-- ACTION ITEM --
Only the lines from the one with "TROMBOFLEBITIS SUPERFICIAL" to the end of the records are wanted, each repeated exactly, both ends included.

[Short text fragments from websites]
-- Opening Marker --

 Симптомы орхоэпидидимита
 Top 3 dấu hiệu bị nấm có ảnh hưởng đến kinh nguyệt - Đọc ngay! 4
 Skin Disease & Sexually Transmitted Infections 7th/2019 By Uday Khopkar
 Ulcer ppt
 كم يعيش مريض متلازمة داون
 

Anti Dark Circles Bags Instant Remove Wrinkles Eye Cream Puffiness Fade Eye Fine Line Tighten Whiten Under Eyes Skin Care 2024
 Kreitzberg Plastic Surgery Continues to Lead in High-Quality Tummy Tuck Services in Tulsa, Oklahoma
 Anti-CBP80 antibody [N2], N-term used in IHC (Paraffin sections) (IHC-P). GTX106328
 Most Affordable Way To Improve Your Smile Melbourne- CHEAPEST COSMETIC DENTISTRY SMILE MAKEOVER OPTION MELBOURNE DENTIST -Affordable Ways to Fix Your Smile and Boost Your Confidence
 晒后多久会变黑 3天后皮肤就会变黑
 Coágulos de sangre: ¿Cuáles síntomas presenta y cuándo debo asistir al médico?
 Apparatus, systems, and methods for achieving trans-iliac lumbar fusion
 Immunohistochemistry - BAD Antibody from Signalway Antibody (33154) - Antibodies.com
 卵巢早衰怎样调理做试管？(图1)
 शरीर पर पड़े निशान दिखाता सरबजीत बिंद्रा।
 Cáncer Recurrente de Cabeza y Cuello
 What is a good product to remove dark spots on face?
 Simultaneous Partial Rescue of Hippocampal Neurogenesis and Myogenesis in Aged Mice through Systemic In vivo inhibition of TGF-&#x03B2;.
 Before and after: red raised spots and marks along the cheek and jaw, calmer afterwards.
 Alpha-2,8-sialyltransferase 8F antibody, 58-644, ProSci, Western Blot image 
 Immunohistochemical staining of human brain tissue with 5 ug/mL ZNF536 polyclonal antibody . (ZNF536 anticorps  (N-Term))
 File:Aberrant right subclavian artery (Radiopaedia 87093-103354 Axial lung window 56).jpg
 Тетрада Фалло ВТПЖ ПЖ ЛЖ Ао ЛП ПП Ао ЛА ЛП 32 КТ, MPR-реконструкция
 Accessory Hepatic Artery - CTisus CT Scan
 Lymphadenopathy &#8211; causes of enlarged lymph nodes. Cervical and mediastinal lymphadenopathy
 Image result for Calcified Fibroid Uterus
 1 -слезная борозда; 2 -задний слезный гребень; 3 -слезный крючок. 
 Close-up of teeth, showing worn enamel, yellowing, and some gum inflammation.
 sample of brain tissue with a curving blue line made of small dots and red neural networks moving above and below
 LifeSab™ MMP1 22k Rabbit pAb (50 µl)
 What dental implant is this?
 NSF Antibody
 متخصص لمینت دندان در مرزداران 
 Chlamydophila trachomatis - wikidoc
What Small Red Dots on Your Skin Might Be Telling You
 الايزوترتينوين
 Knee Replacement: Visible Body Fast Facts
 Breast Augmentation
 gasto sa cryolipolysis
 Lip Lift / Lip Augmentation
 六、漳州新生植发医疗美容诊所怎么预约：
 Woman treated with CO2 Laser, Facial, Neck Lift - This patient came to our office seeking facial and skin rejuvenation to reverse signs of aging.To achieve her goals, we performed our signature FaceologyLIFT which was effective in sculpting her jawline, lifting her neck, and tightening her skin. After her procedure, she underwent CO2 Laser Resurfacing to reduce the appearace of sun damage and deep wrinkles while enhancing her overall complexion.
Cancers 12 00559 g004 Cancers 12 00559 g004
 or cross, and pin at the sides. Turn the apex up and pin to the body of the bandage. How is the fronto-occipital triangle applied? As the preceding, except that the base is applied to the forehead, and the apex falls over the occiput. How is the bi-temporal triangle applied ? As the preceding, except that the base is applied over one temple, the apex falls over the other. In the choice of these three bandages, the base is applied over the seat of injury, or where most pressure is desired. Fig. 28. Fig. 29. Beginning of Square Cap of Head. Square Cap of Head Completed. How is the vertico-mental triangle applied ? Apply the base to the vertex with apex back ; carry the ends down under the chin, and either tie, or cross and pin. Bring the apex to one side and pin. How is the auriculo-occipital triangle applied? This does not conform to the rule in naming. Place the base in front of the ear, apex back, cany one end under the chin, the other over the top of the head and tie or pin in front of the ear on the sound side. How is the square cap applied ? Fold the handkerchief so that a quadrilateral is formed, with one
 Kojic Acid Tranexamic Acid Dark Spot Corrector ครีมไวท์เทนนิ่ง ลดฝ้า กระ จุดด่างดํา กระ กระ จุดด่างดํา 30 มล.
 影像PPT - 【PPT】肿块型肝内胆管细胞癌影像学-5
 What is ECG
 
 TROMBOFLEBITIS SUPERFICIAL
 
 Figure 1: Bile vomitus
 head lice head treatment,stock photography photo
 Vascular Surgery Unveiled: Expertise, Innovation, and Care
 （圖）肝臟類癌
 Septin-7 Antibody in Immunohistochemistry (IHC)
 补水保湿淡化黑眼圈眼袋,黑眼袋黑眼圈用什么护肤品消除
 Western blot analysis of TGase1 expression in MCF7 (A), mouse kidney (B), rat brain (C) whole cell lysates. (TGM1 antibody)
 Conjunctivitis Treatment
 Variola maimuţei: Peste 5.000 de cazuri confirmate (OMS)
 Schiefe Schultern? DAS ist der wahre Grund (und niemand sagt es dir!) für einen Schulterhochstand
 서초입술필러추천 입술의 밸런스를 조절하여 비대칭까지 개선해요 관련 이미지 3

-- Closing Marker --

-- WRITTEN RESPONSE --
 TROMBOFLEBITIS SUPERFICIAL
 
 Figure 1: Bile vomitus
 head lice head treatment,stock photography photo
 Vascular Surgery Unveiled: Expertise, Innovation, and Care
 （圖）肝臟類癌
 Septin-7 Antibody in Immunohistochemistry (IHC)
 补水保湿淡化黑眼圈眼袋,黑眼袋黑眼圈用什么护肤品消除
 Western blot analysis of TGase1 expression in MCF7 (A), mouse kidney (B), rat brain (C) whole cell lysates. (TGM1 antibody)
 Conjunctivitis Treatment
 Variola maimuţei: Peste 5.000 de cazuri confirmate (OMS)
 Schiefe Schultern? DAS ist der wahre Grund (und niemand sagt es dir!) für einen Schulterhochstand
 서초입술필러추천 입술의 밸런스를 조절하여 비대칭까지 개선해요 관련 이미지 3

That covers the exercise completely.